== Data supplied ==
__________

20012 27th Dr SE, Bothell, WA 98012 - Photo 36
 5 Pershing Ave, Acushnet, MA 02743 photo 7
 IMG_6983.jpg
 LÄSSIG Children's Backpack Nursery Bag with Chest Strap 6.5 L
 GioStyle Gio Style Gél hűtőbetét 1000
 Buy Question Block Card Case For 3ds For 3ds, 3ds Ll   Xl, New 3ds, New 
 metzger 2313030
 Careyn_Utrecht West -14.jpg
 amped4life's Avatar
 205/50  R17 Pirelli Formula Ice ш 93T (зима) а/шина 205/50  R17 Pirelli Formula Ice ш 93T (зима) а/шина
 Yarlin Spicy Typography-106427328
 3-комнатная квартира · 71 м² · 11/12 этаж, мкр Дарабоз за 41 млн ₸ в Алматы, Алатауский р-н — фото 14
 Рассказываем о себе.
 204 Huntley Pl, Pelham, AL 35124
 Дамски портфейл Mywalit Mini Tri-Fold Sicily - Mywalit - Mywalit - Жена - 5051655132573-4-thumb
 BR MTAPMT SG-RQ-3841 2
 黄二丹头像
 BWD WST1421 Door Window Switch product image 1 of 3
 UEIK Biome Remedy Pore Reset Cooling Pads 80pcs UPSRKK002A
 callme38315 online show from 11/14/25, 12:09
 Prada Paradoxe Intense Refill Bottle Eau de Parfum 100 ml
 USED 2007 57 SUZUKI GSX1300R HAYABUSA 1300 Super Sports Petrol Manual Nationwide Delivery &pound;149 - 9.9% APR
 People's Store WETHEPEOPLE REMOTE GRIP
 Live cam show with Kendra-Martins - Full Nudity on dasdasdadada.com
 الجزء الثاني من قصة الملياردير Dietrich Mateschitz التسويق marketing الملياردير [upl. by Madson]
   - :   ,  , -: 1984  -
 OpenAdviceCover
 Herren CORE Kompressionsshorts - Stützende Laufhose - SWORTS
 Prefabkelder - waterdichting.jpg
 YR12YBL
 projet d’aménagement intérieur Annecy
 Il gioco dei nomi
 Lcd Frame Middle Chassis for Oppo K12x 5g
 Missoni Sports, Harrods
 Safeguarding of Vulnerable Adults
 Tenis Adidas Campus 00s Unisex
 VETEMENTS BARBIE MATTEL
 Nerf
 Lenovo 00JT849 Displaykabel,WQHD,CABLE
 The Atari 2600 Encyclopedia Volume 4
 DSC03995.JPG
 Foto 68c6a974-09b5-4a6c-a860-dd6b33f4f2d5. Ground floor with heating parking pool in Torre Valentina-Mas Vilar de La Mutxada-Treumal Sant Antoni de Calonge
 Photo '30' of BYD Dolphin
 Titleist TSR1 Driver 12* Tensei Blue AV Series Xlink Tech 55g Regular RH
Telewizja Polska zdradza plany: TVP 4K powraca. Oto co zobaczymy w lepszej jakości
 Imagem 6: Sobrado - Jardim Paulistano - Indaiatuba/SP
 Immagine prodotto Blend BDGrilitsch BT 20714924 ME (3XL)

__________

== Requirement ==
Please copy, exactly and with nothing else, the lines above beginning at the line that has "metzger 2313030" and ending with the line that has "204 Huntley Pl, Pelham, AL 35124".

== Answer for the task ==
 metzger 2313030
 Careyn_Utrecht West -14.jpg
 amped4life's Avatar
 205/50  R17 Pirelli Formula Ice ш 93T (зима) а/шина 205/50  R17 Pirelli Formula Ice ш 93T (зима) а/шина
 Yarlin Spicy Typography-106427328
 3-комнатная квартира · 71 м² · 11/12 этаж, мкр Дарабоз за 41 млн ₸ в Алматы, Алатауский р-н — фото 14
 Рассказываем о себе.
 204 Huntley Pl, Pelham, AL 35124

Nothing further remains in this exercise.